Seminar Archive – Autumn 2024

Early opportunity signals of a tipping point in the EV market.

Shifting Diets: Positive Tipping Points in the Food System.

Uncertainty quantification for overshoots of tipping thresholds.

One common mechanism for tipping to occur is via forcing a nonlinear system beyond a critical threshold that signifies self-amplifying feedbacks inducing tipping. However, previous work has shown that it is possible to briefly overshoot a critical threshold and avoid tipping. For some cases, the peak overshoot distance and the time a system can spend beyond a threshold are governed by an inverse square law relationship. In the real world or complex models, critical thresholds and other system features are highly uncertain. In this presentation, we look at how such uncertainties affect the probability of tipping from the perspective of uncertainty quantification. We show the importance of constraining uncertainty in the location of the critical threshold and the linear restoring rate to the system’s stable state to reduce the uncertainty in the probability of tipping. We first prototypically analyse effects of an uncertain critical threshold location separately from effects due to an uncertain linear restoring rate. These uncertain system characteristics will be jointly analysed in a simple box model for the Atlantic Meridional Overturning Circulation (AMOC). Thereby, we highlight the need to constrain the highly uncertain diffusive timescale (representative of wind-driven fluxes) within the box model to reduce tipping uncertainty for overshoot scenarios of the AMOC. 

---

Positive Tipping Points in Practice: Co-Producing an Interactive Toolkit.

Over the last 18 months, Peter Lefort has been working with grassroots changemakers to co-produce a toolkit that is aimed at helping those working in environmental and social change to understand, explore, and apply the concepts of Positive Tipping Points in practice. In this session, Peter will share the story of this process, including what the toolkit contains, how it has been created, and what is happening next.

---

Resilience changes in the North Atlantic over the last millennium encoded in clam shells.

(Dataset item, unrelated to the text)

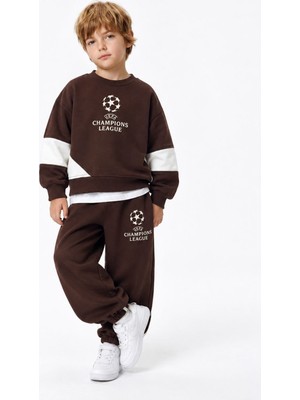 KR Kids Erkek Çocuk 3’lü Eşofman Takımı – Champions League Baskılı Sweatshirt, Tişört ve Pantolon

Amid the ongoing climate crisis, there is an increasing need to assess the vulnerability of different components of the climate system to change abruptly once a tipping point is crossed. An approach for obtaining early warning signals for tipping points involves detecting the loss of resilience associated with critical slowing down. This method requires long-term, regularly spaced time series —features that are rare among observational records, especially in the ocean. The recent development of proxy records with annual resolution based on information encoded in bivalve shells provides a unique opportunity for assessing resilience in the marine environment, particularly in the North Atlantic, where key processes of two candidate tipping elements occur. We explored resilience changes in the North Atlantic as encoded in a compilation of bivalve-derived records and found evidence of three significant periods of significant loss of resilience over the last millennium. The first period preceded an abrupt weakening of the subpolar gyre in the 14th century, providing empirical support for its bistability and offering insights into how the North Atlantic tipped into the Little Ice Age. The second destabilisation episode precedes the 1920s North Atlantic regime shift, which involved a strengthening of regional circulation. The most recent destabilisation episode is observed in recent decades in records that are highly sensitive to variability over the subpolar gyre region, suggesting that the subpolar North Atlantic circulation system has lost resilience and may be approaching a tipping point.

---

Quantifying tipping behaviour: geometric early warnings and quasipotentials for a box model of AMOC.

A non-autonomous system can undergo a rapid change of state in response to a small or slow change in forcing, due to the presence of nonlinear processes that give rise to critical transitions or tipping points. Such transitions are thought possible in various subsystems (tipping elements) of the Earth’s climate system. The Atlantic Meridional Overturning Circulation (AMOC) is considered a particular tipping element where models of varying complexity have shown the potential for bi-stability and tipping. We consider both transient and stochastic forcing of a simple but data-adapted model of the AMOC. We propose and test a geometric early warning signal to predict whether tipping will occur for large transient forcing, based on the dynamics near an edge state. For stochastic forcing, we quantify mean times between noise-induced tipping in the presence of stochastic forcing using an Ordered Line Integral Method (OLIM) of Cameron (2017) to estimate the quasipotential. We calculate minimum action paths (MAPs) between stable states for various scenarios. Finally, we discuss the problem of finding early warnings in the presence of both transient and stochastic forcing.